I'm told that an integral of the form $$\int_{-\infty}^\infty f^*(x)g(x)dx$$ is just a generalization of the standard inner product of two vectors in $\Bbb C^n$: $$\langle v,w\rangle = \sum_{i=0}^n v^*_iw_i$$ and I do see how they are similar. Both sum over the components of the "vectors" (one just has uncountably many components).
But the integral "product" has something that the sum "product" doesn't -- a $dx$. So not only are you multiplying the components (values) of the two functions together, but you're scaling them by that infinitesimal $dx$. I see why we probably need that, if we tried to just sum $f$ and $g$ like $\int_{-\infty}^{\infty} f^*(x)g(x)$ without the infinitesimal, the integral would almost certainly blow up.
So can anyone explain why we consider the integral inner product to be a generalization of the sum inner product?

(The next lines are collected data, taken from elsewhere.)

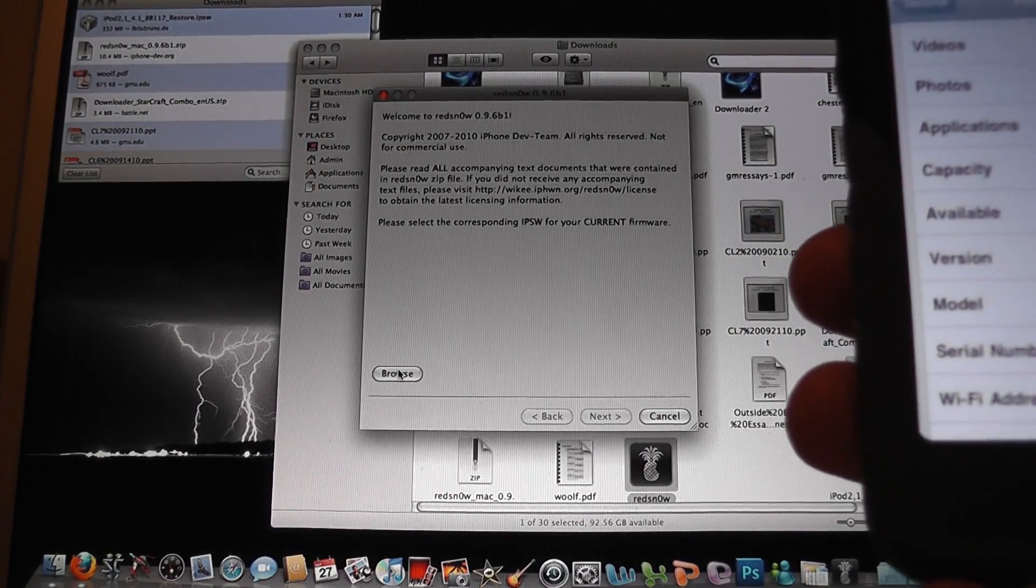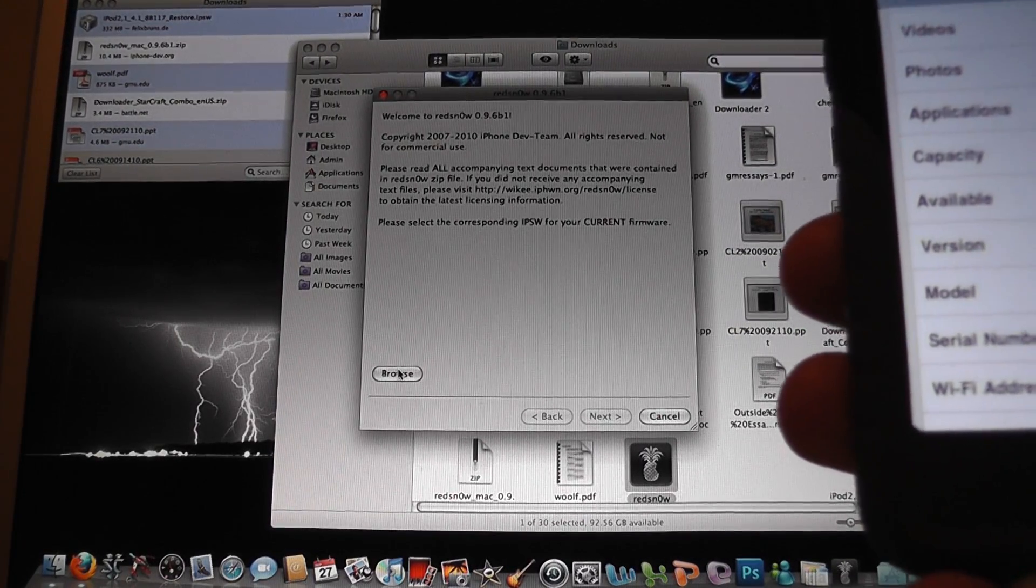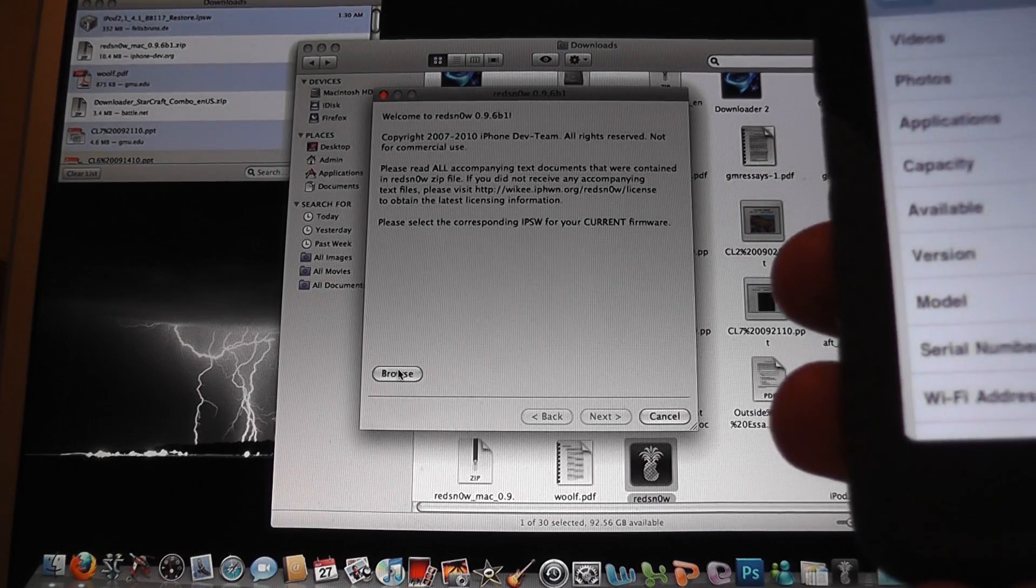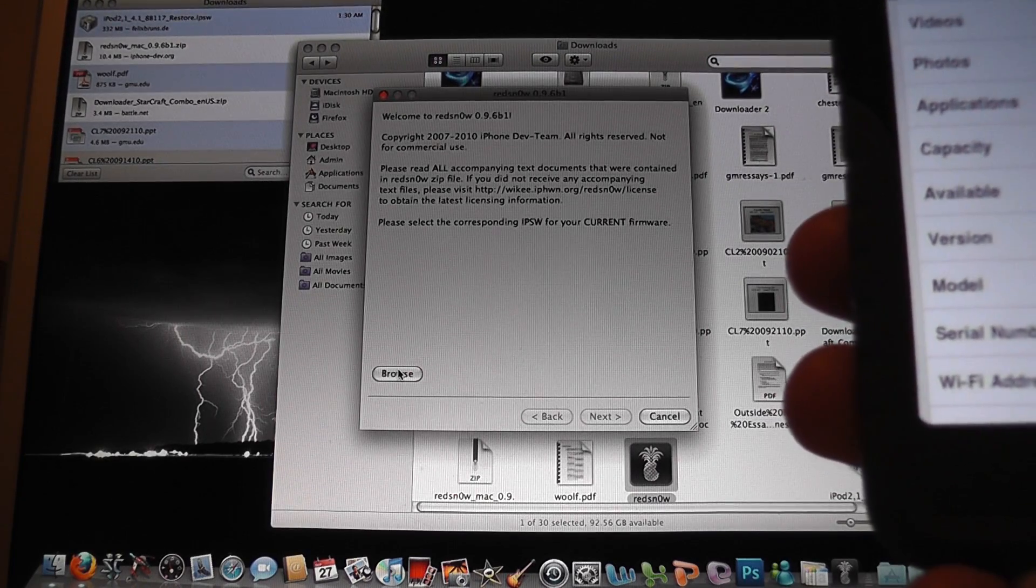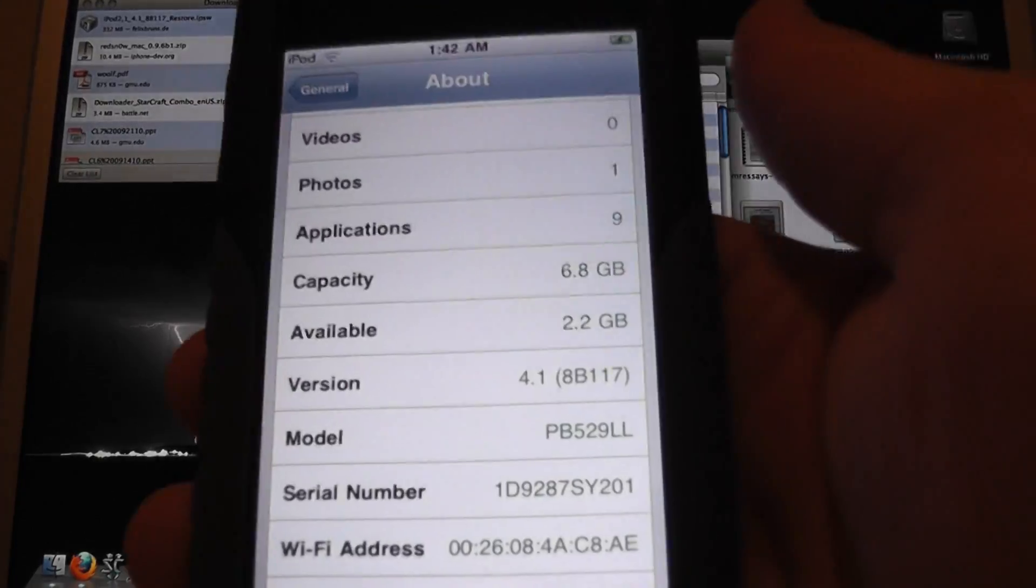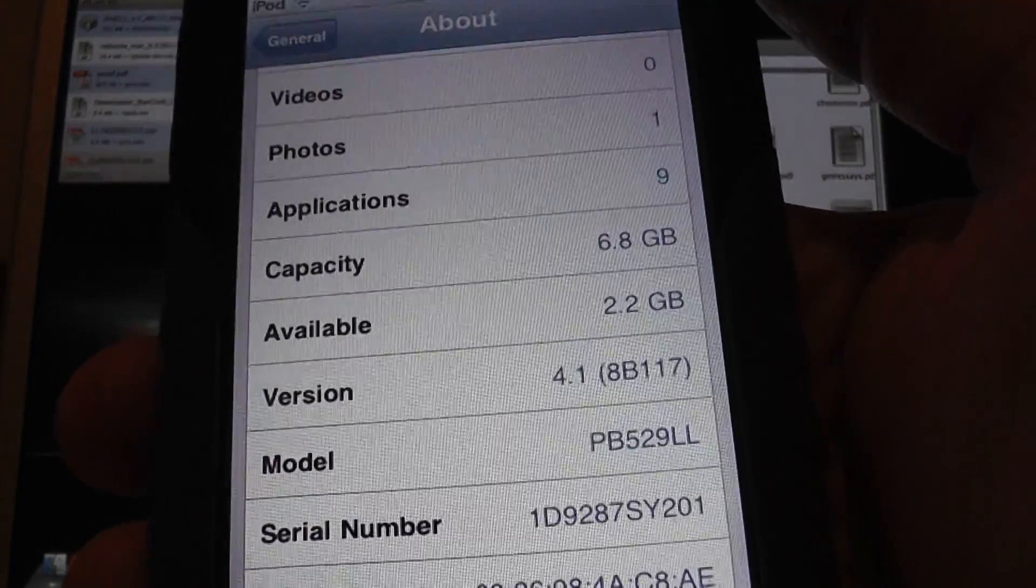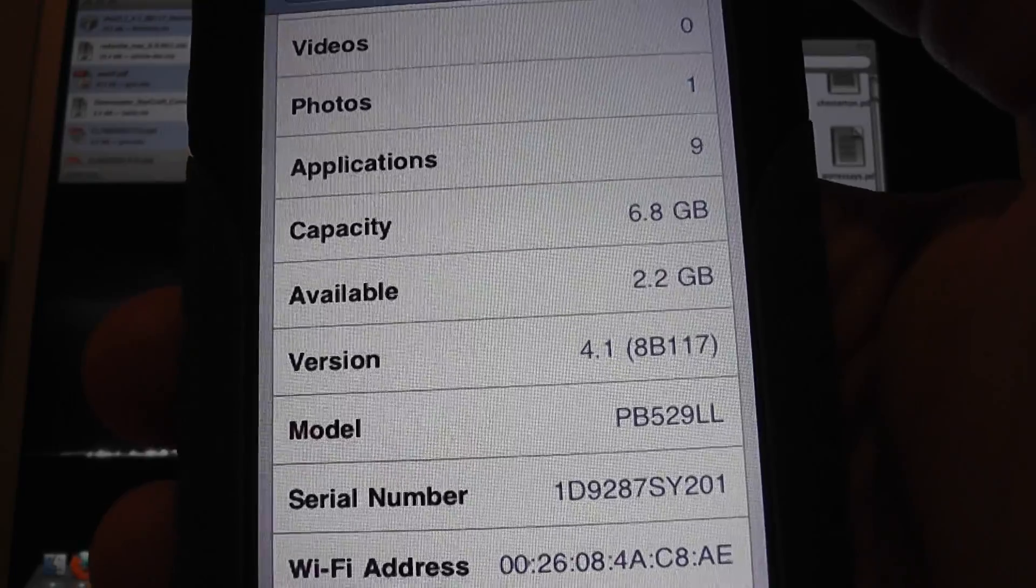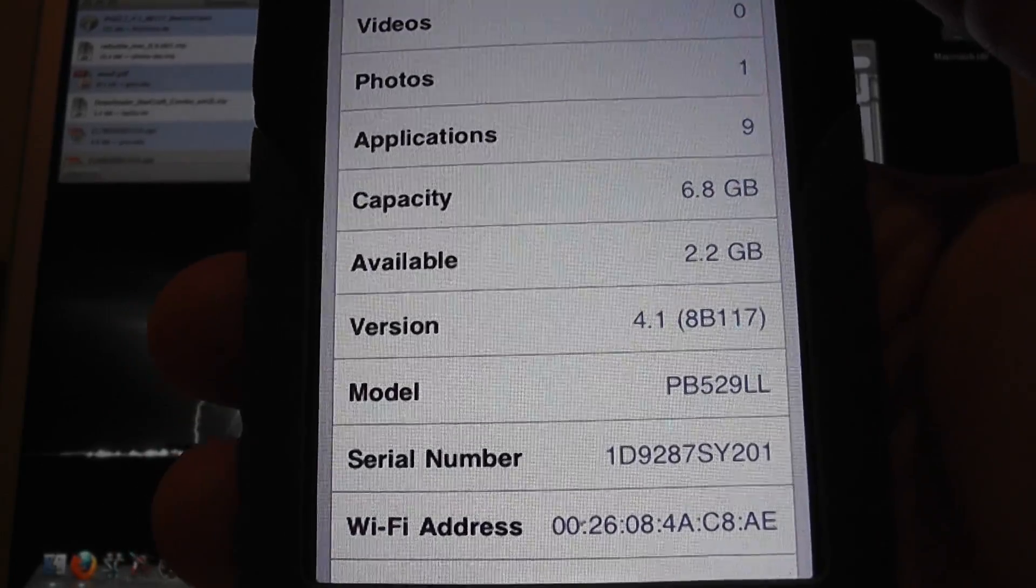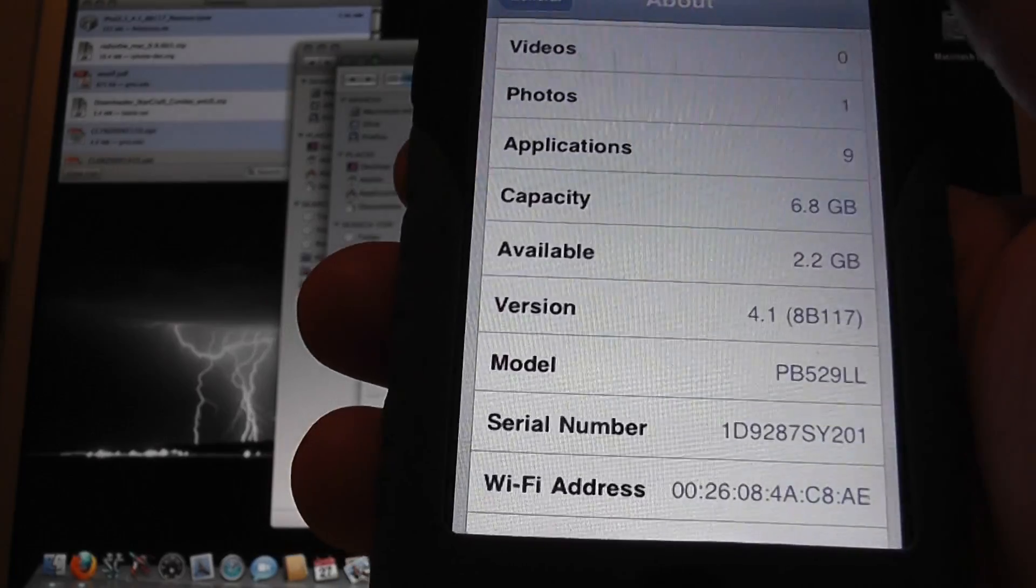Hey there, everybody. So in a previous video, I actually told you that the newest version of RedSnow, version 0.9.6 beta 1, will actually jailbreak version 4.1 of iOS running on an iPod Touch second generation and an iPhone 3G.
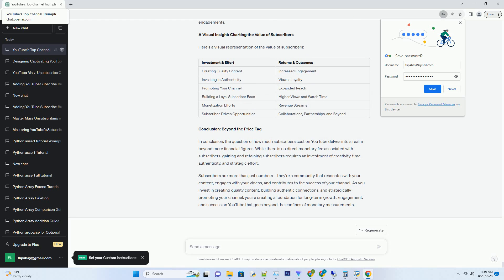This investment in content quality pays off in the form of viewer engagement, which is the cornerstone of gaining loyal subscribers. Three: The Power of Authenticity - Establishing a Connection. One of the most significant investments you can make to attract subscribers is the investment in authenticity. Authenticity resonates with viewers on a personal level, forging a genuine connection that goes beyond the screen. Authentic creators build trust, foster loyalty, and create a community that viewers want to be a part of.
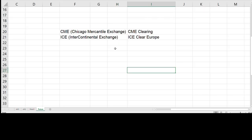The exchange has two separate entities so for instance Chicago Mercantile Exchange and Chicago Mercantile Exchange Clearing. And likewise we have ICE Intercontinental Exchange and ICE Clear Europe.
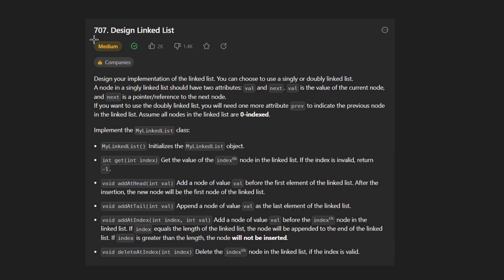Hey everyone, welcome back and let's write some more neat code today. So today let's solve designing a linked list.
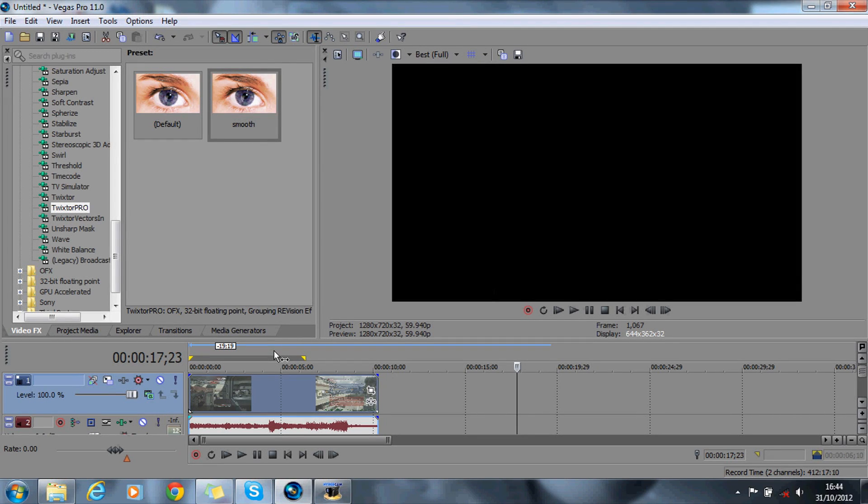Hey guys, today I'm showing you how to do the twitch effect in Sony Vegas. This is my second part of my marathon Sony Vegas montage tutorials.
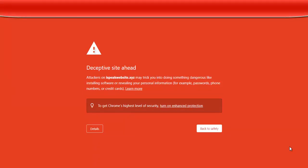Hey guys, my name is Ajayi Adebayo and in today's video, I'm going to talk about 'Deceptive site ahead.' A lot of people have this on their domain — they just host their website and they have this deceptive site ahead. So in today's video, I'm going to show you how you can remove your website from showing 'Deceptive site ahead.' I'm also going to discuss with you the reasons why your website shows deceptive site ahead. So pay attention carefully to this video and you'll be glad you did.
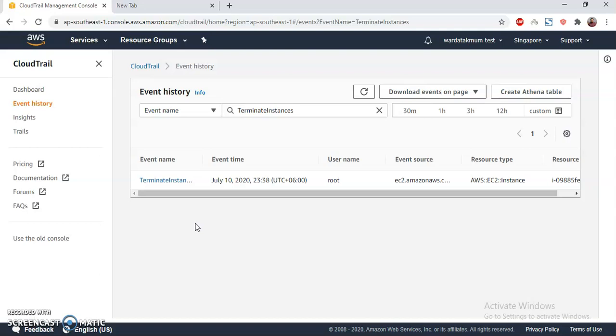So that's it for today. I hope it helps you to secure your AWS environment and also you can check the changes and who made the changes and then you can identify the person. You can also get notified if someone deletes the bucket or someone tries to terminate the instance by SMS. You can just create an SNS topic and link that to the event that will trigger you an email or SMS on your phone.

Forget $dx$. The case is the following: $C^0([0,1])$ (for simplicity) is a vector space, and
$$C^0([0,1]) \times C^0([0,1]) \rightarrow \mathbb{R}$$ $$ (f,g) \mapsto \int_0^1 fg$$
is a bilinear map which is non-degenerate, and this is the definition of inner product: a generalization of the standard inner product on $\mathbb{R}^n$ ($\sum x_iy_i$) in the sense that it also satisfies the properties: bilinearity and non-degeneracy. If you want to consider $\mathbb{C}$, you also put in the hypothesis of anti-symmetry and adjust the linearity hypothesis to only hold on the first variable.